Could you write out all of the data again, word for word?

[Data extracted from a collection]
--
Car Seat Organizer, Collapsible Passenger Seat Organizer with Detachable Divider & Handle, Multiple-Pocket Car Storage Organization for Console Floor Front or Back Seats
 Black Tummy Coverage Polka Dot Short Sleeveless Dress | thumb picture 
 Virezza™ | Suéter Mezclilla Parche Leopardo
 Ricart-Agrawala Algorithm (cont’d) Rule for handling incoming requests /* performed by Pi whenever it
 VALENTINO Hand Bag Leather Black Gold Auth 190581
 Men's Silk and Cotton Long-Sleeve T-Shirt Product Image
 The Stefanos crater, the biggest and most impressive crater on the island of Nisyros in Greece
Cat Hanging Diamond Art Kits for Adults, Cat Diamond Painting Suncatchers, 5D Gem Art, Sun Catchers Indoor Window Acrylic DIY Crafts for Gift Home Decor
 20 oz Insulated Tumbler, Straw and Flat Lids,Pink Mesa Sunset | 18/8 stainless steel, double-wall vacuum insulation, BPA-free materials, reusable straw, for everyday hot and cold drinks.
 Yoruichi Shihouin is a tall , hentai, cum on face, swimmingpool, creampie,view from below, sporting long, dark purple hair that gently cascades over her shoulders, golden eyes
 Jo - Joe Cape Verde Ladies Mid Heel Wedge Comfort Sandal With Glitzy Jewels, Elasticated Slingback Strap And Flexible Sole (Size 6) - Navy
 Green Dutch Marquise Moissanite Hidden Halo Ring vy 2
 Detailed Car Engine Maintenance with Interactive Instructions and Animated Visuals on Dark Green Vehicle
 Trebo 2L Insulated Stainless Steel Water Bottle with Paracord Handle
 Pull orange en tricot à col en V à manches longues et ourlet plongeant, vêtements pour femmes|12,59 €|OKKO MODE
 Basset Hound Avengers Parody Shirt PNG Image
--
> [Final answer]
Car Seat Organizer, Collapsible Passenger Seat Organizer with Detachable Divider & Handle, Multiple-Pocket Car Storage Organization for Console Floor Front or Back Seats
 Black Tummy Coverage Polka Dot Short Sleeveless Dress | thumb picture 
 Virezza™ | Suéter Mezclilla Parche Leopardo
 Ricart-Agrawala Algorithm (cont’d) Rule for handling incoming requests /* performed by Pi whenever it
 VALENTINO Hand Bag Leather Black Gold Auth 190581
 Men's Silk and Cotton Long-Sleeve T-Shirt Product Image
 The Stefanos crater, the biggest and most impressive crater on the island of Nisyros in Greece
Cat Hanging Diamond Art Kits for Adults, Cat Diamond Painting Suncatchers, 5D Gem Art, Sun Catchers Indoor Window Acrylic DIY Crafts for Gift Home Decor
 20 oz Insulated Tumbler, Straw and Flat Lids,Pink Mesa Sunset | 18/8 stainless steel, double-wall vacuum insulation, BPA-free materials, reusable straw, for everyday hot and cold drinks.
 Yoruichi Shihouin is a tall , hentai, cum on face, swimmingpool, creampie,view from below, sporting long, dark purple hair that gently cascades over her shoulders, golden eyes
 Jo - Joe Cape Verde Ladies Mid Heel Wedge Comfort Sandal With Glitzy Jewels, Elasticated Slingback Strap And Flexible Sole (Size 6) - Navy
 Green Dutch Marquise Moissanite Hidden Halo Ring vy 2
 Detailed Car Engine Maintenance with Interactive Instructions and Animated Visuals on Dark Green Vehicle
 Trebo 2L Insulated Stainless Steel Water Bottle with Paracord Handle
 Pull orange en tricot à col en V à manches longues et ourlet plongeant, vêtements pour femmes|12,59 €|OKKO MODE
 Basset Hound Avengers Parody Shirt PNG Image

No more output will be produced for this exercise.